# Forum Other Languages All other languages Japanese  Live action series

## laxxy

Does anyone know if there are any good Japanese live-action TV series? 
Smth close to the level of, say, Seinfeld or X-files?

----------


## ST

что такое лив акшн? всмысле тв-сериал?

----------


## laxxy

> что такое лив акшн? всмысле тв-сериал?

 Ну да, с живыми актерами, as opposed to animated.

----------


## Guin

May be "Godzilla"?   ::

----------


## laxxy

> May be "Godzilla"?

   ::

----------


## ST

мне понравился "returner".  А еще Китано Такеси "куклы", "кикудзиро", "королевская битва"...
И ужастики..."темная вода", "ju-on", "the Ring" (imho Japanese is better, then American). Is it all live action, right?

----------


## laxxy

> мне понравился "returner".  А еще Китано Такеси "куклы", "кикудзиро", "королевская битва"...
> И ужастики..."темная вода", "ju-on", "the Ring" (imho Japanese is better, then American). Is it all live action, right?
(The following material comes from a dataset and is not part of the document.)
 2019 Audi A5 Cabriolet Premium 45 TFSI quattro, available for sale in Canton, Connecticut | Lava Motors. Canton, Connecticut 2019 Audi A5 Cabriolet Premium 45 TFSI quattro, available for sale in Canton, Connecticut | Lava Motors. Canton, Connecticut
 Yeah they are, thanks...  I was thinking more in terms of TV series, these seem to be movies (at least the ones I recognized are)... But thanks, I'll check them out.
I actually liked the American version of "the Ring" more, although many of my friends preferred the Japanese one. I did like "Dark water".

----------


## ST

今日、私は日本映画を見ました。名前は「男たちの大和」。面白い映画でした。　西洋のタイトルは「yama  to」です。　しかし、字幕がありません。　  ::  
みんあさん、does smb knows where I could get subtitles for this movie? English, Russian or Japanese? Where was subtitles, actualy, for CD-1, but it was translated by automatic web-translator from Chinese to English...so quality was VERY poor  ::

----------


## laxxy

私は分かりません。　字幕のウェッブサイトが多いですが、探すことはちょっと難しいです。
ed2kで２－３ファイルがあるみたい、でもどれが良い分かりません。

----------